● **THE TASK**
Give again, word for word, only the lines of the material below from its first line through the one that holds "So ask your"; pictures stay out.

● **SUPPLIED DATA**
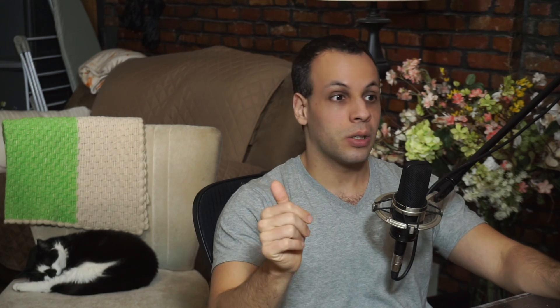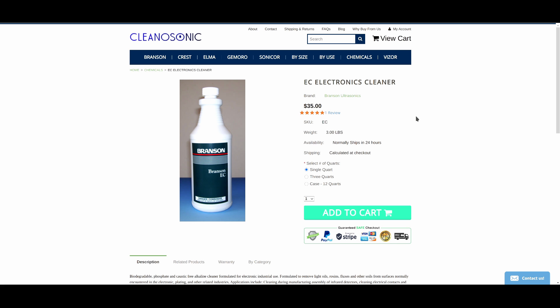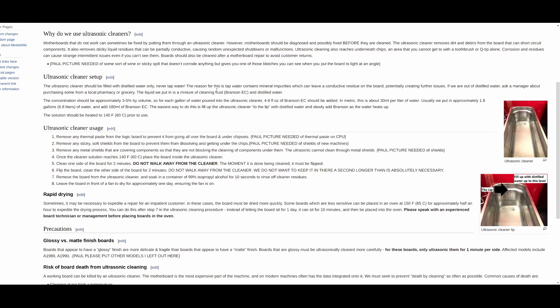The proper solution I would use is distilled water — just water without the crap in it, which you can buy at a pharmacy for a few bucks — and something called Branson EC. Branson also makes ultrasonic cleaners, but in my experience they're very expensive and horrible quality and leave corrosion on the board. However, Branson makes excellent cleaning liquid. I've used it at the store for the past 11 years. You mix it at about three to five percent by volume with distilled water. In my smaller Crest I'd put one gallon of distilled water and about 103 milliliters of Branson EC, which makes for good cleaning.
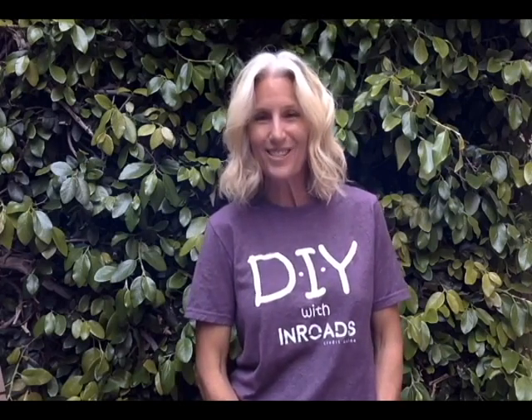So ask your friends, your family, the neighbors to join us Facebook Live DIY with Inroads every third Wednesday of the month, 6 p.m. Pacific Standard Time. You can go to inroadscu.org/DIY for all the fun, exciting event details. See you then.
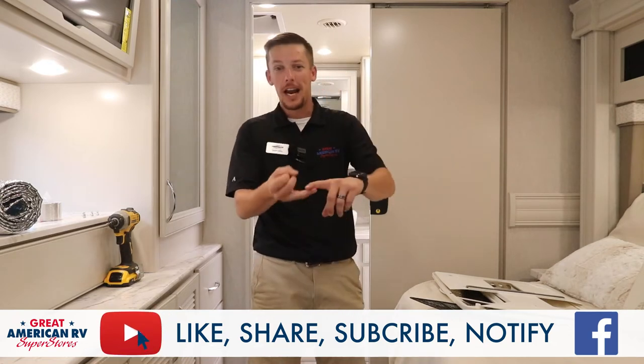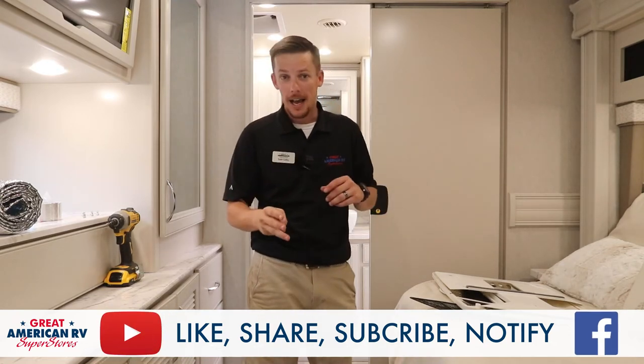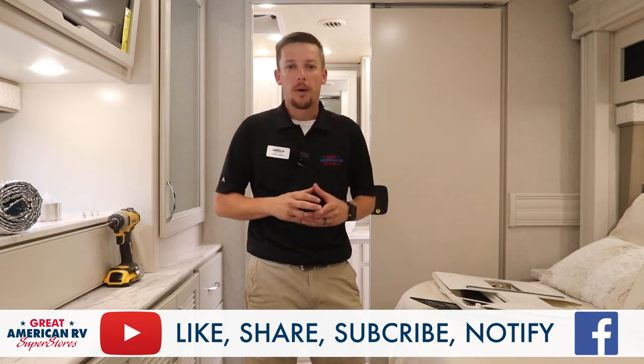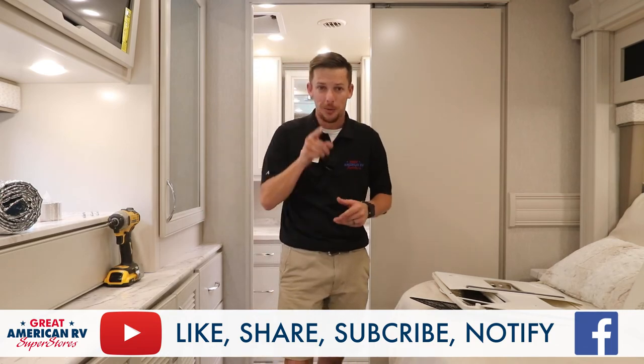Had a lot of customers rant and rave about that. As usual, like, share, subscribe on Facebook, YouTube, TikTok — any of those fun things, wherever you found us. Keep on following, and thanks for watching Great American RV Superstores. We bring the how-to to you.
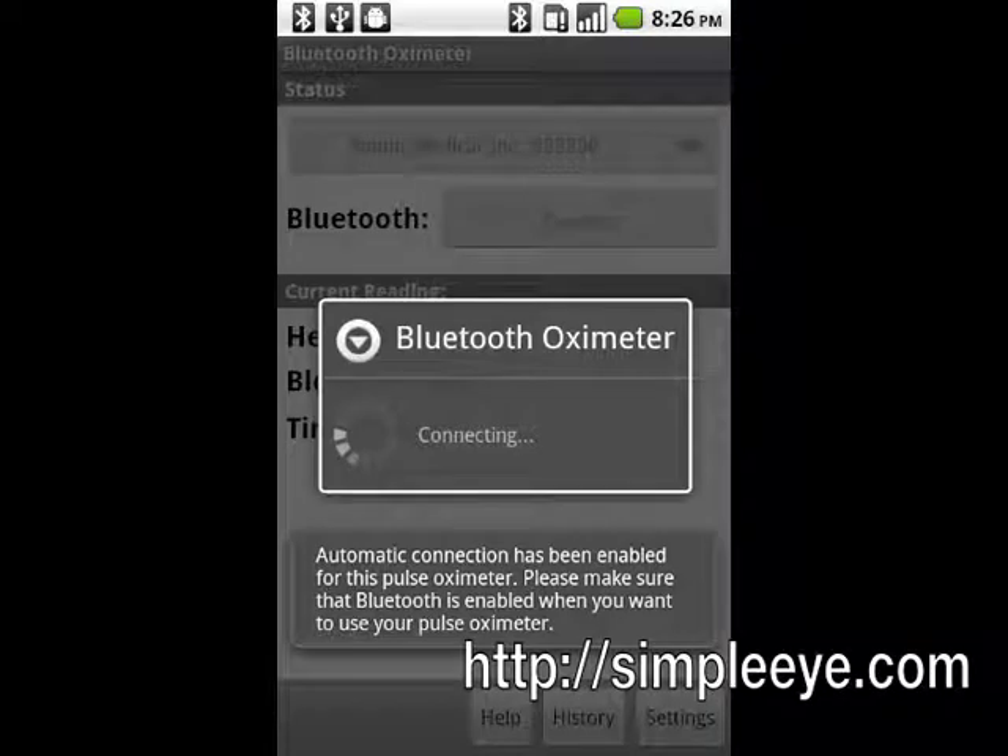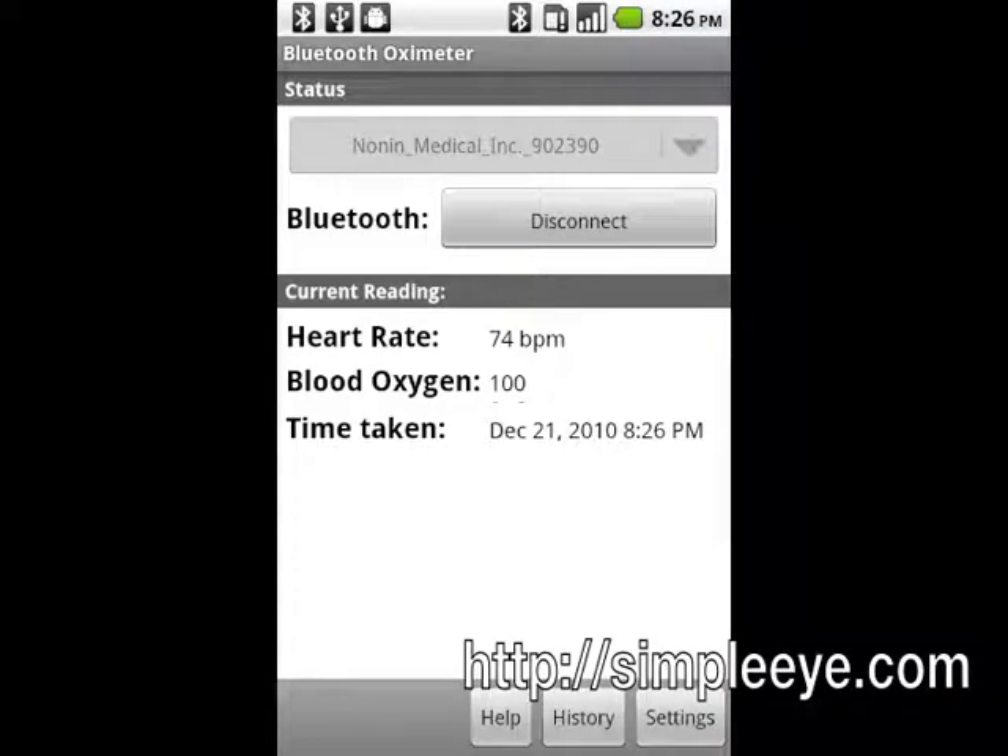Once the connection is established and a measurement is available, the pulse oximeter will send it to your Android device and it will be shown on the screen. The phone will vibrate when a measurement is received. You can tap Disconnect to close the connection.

● **WRITTEN SOLUTION**
The proper solution I would use is distilled water — just water without the crap in it, which you can buy at a pharmacy for a few bucks — and something called Branson EC. Branson also makes ultrasonic cleaners, but in my experience they're very expensive and horrible quality and leave corrosion on the board. However, Branson makes excellent cleaning liquid. I've used it at the store for the past 11 years. You mix it at about three to five percent by volume with distilled water. In my smaller Crest I'd put one gallon of distilled water and about 103 milliliters of Branson EC, which makes for good cleaning.
So ask your friends, your family, the neighbors to join us Facebook Live DIY with Inroads every third Wednesday of the month, 6 p.m. Pacific Standard Time. You can go to inroadscu.org/DIY for all the fun, exciting event details. See you then.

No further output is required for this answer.